À la tête de Transparency International France depuis le 28 septembre 2020, Patrick Lefas revient pour Décideurs sur le bilan de sa première année de mandat et expose les grandes lignes de sa feuille de route.

Décideurs. Vous avez été élu président de Transparency International France le 28 septembre 2020. Quel bilan tirez-vous de vos premiers mois à la tête de cette organisation ?
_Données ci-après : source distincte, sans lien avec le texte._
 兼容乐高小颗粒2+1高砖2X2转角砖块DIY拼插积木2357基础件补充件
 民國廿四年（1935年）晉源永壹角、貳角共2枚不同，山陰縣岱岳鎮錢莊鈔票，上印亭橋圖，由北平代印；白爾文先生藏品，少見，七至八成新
Patrick Lefas. Mes premières actions s’inscrivent dans la continuité du travail efficace réalisé par mon prédécesseur. Nous multiplions les actions en faveur de la transparence et de la lutte contre la corruption. Transparency France est la seule association anticorruption à utiliser tous les modes d’action contre la corruption : le contentieux, le plaidoyer et l’accompagnement des acteurs. En tant qu’organisation agréée par le ministère de la Justice pour exercer des droits reconnus à la partie civile, nous sommes intervenus dans des procès politico-financiers à forts enjeux, comme les "biens mal acquis", mais aussi l’affaire Guérini à Marseille. Nous contribuons à l’élaboration des lois, comme quand nous participons aux débats sur la transposition de la directive européenne sur la protection des lanceurs d’alerte. Auprès des pouvoirs publics et des entreprises, nous oeuvrons pour la promotion d’une culture de l’éthique et de l’intégrité. Nous contribuons enfin à informer et sensibiliser nos adhérents, donateurs, sympathisants et le grand public à l’importance de l’intégrité.
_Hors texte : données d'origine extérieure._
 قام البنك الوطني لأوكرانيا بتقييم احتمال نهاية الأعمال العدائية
Quelle est votre feuille de route pour vos deux prochaines années ?

Nous sommes à un an des prochaines élections présidentielles et l’enjeu pour nous est de voir portées plus haut nos valeurs de transparence de la vie publique et de lutte contre la corruption. La loi Sapin 2 est certes une avancée en la matière, mais la volonté politique semble aujourd’hui s’essouffler. C’est la raison pour laquelle nous suivons avec une attention particulière, l’évolution du projet de loi pour la confiance dans l’institution judiciaire - adopté en première lecture à l’Assemblée le 25 mai 2021 - qui prévoit de réduire la faculté du parquet national financier en réduisant les délais d’enquête préliminaire et en étendant la protection du secret des avocats à leurs activités de conseil. 
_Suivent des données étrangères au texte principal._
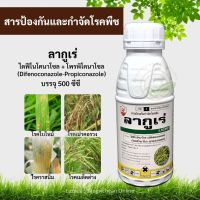 ลากูเร่ 500ซีซี, ไดฟีโนโคนาโซล+โพรพิโคนาโซล (Difenoconazole-Propiconazole) สารป้องกันกำจัดโรคพืช โรคเมล็ดด่างในนาข้าว โรคเน่าคอรวง โรคกาบใบแห้ง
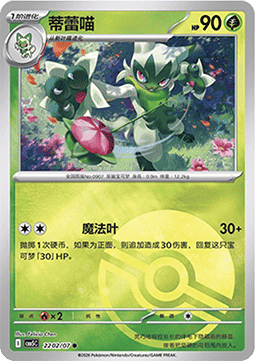 Floragato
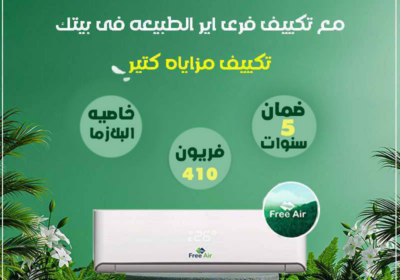 فري-اير-تكييف-2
"Le problème de la France, c'est qu'elle réagit postérieurement à des scandales"

Autre sujet important : le renforcement de notre capacité à rester en justice. Dans des procès de type Bygmalion par exemple notre agrément ne nous autorise pas à nous constituer partie civile. Notre champ d’action ne couvre pas certaines infractions comme le financement illégal des campagnes. De plus, la loi nous paraît peu sévère sur ce point. Elle ne prévoit qu’un an ferme et 3 750 euros d’amende.

Enfin, nous espérons obtenir dans les prochaines semaines, après quatorze ans de procédures et de plaidoyer, la création d’un mécanisme de restitution des avoirs issus de la corruption ainsi qu’une première condamnation définitive dans une affaire de biens mal acquis avec l’affaire Teodorin Obiang. Nous allons intensifier nos actions de coopération avec les autres sections de notre mouvement à travers le monde pour partager notre expérience et nos ressources dans ce domaine.

En 2020, la France reste 23e du classement concernant la perception de la corruption dans le monde. Comment peut-elle espérer progresser ?

Il s’agit d’un choix politique avant tout. Il appartient aux décideurs publics d’inscrire la lutte contre la corruption à l’agenda politique afin que des moyens conséquents soient engagés pour améliorer le niveau de transparence dans les affaires et dans la vie publique. Si on a connu des avancées notables depuis 2013 avec la création la Haute Autorité pour la transparence de la vie publique, le Parquet national financier ou l’Agence française anticorruption, des efforts restent encore à faire. Il faut anticiper les risques de corruption, mettre davantage l’accent sur la bonne gouvernance. Le problème de la France, c’est qu’elle réagit a posteriori, une fois que le scandale a éclaté, et non en prévention. De plus, très peu de sanctions exemplaires sont prononcées. Or, des sanctions comme les peines d’inéligibilité peuvent dissuader des élus notamment tentés par la corruption. Enfin d’autres pistes d’amélioration restent possibles : réduire l’exigence de la preuve en matière de corruption, accorder une place plus importante aux victimes, améliorer l’accès aux données de corruption ou faire du PNF une autorité judiciaire parfaitement indépendante du pouvoir public.